[Goal of the exercise]: Among the entries below, extract exactly the lines that run from the one with "DOUBLE GAUZE CHECKS" through the one with "Blilo 2PCS Car", both ends included.

[Data extract]:

☆ ☆ ☆

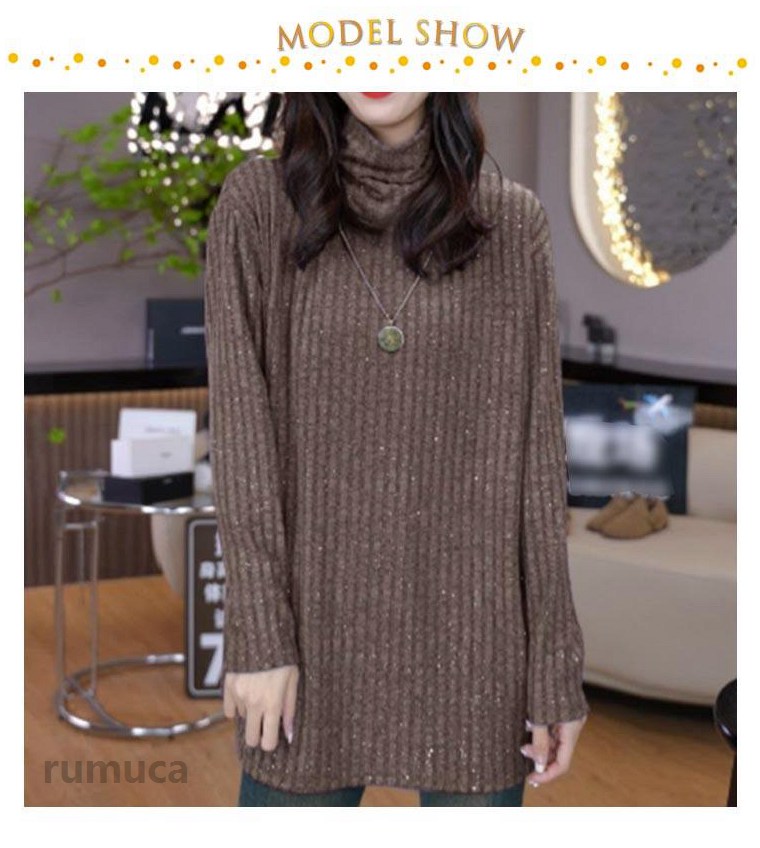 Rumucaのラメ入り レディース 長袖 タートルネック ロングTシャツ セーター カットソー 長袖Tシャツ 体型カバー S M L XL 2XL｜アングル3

☆ ☆ ☆

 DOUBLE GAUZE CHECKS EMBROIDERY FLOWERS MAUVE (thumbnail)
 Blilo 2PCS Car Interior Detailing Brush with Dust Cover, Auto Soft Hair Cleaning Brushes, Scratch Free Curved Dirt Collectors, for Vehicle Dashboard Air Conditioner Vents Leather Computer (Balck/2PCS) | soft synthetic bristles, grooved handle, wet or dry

☆ ☆ ☆

[Solution]:
 DOUBLE GAUZE CHECKS EMBROIDERY FLOWERS MAUVE (thumbnail)
 Blilo 2PCS Car Interior Detailing Brush with Dust Cover, Auto Soft Hair Cleaning Brushes, Scratch Free Curved Dirt Collectors, for Vehicle Dashboard Air Conditioner Vents Leather Computer (Balck/2PCS) | soft synthetic bristles, grooved handle, wet or dry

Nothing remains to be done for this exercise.